Mexican anthropologist (1923–2013)

Santiago Genovés Tarazaga (31 December 1923 – 5 September 2013) was a Spanish-born Mexican anthropologist affiliated with the National Autonomous University of Mexico (UNAM). He is best remembered for the 1973 "Peace Project" experiment that he designed, in which he and ten other people (four men and six women) aimed to sail on the Acali raft from the Canary Islands, a Spanish archipelago in Africa, to Cozumel island, Mexico. He hoped that this experiment would shed light on the causes of violence in humans and on how it could be prevented. The 101-day experiment, frequently dubbed the "Sex Raft" by the media, was the subject of the 2018 documentary film The Raft, by Marcus Lindeen.

Prior to the "Peace Project", Genovés had been part of the Thor Heyerdahl Ra expedition.
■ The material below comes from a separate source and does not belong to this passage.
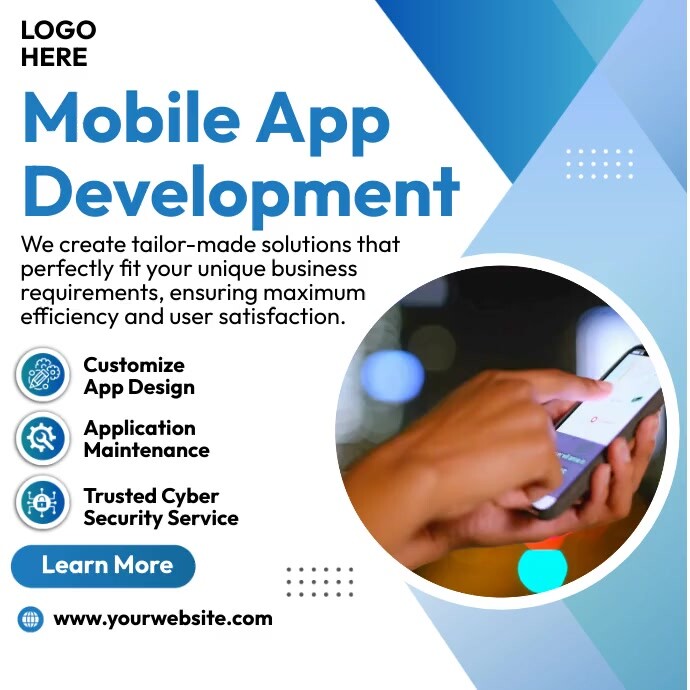 Mobile App Development Template | PosterMyWall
While Genovés remains a fascination for some, one of the strongest criticisms of him is that his actual scientific work was nearly worthless. On the "Raft" study, he directly forced the variables into unnatural situations, showed extreme aggression, anger and a strong hatred of women having any authority whatsoever and was viewed as having an unstable, unsafe and worrying potential for violent or anti-social action, with a discussion openly of if they needed to create a plan of how to kill him if he threatened the groups safety. He went in to the study with an outcome he not only wanted but practically demanded happen, which is already a complete failure of the scientific method, and became very agitated when he couldn't get it to happen. Once he realized how he destroyed the experiment and was the only one being aggressive, he also turned to sulking by himself the rest of the trip. Other faculty said, very correctly, that this was drawing negative attention to the University as it was a bizarre study of dubious value that, with its insistence on zero privacy so young women could be watched as they used a standing toilet and the subjects were intentionally asked to have sex made the university look like it catered to sexual predators.

He was also one of the researchers who originated, co-authored and signed the Seville Statement on Violence in 1986.

== Works ==

=== Books ===
- Expedición a la Violencia (ampliación de la declaración sobre la violencia adoptada por la UNESCO.
- Ensayos sobre: Luis Buñuel, Emilio Prados Such, Franz Kafka, George Orwell, Marcel Proust, Pablo Picasso, Alfonso Reyes, Rius.
- El Mar, los Peces y Yo.
- El Pájaro Rojo o El Viaje a Nigeria.
- Solo. Un Hombre en el Mar.
- Balsa de Papyrus, a través del Atlántico.
- ¿Por qué Acali?
- El mono inquisitivo : Convivencia y comportamiento humano.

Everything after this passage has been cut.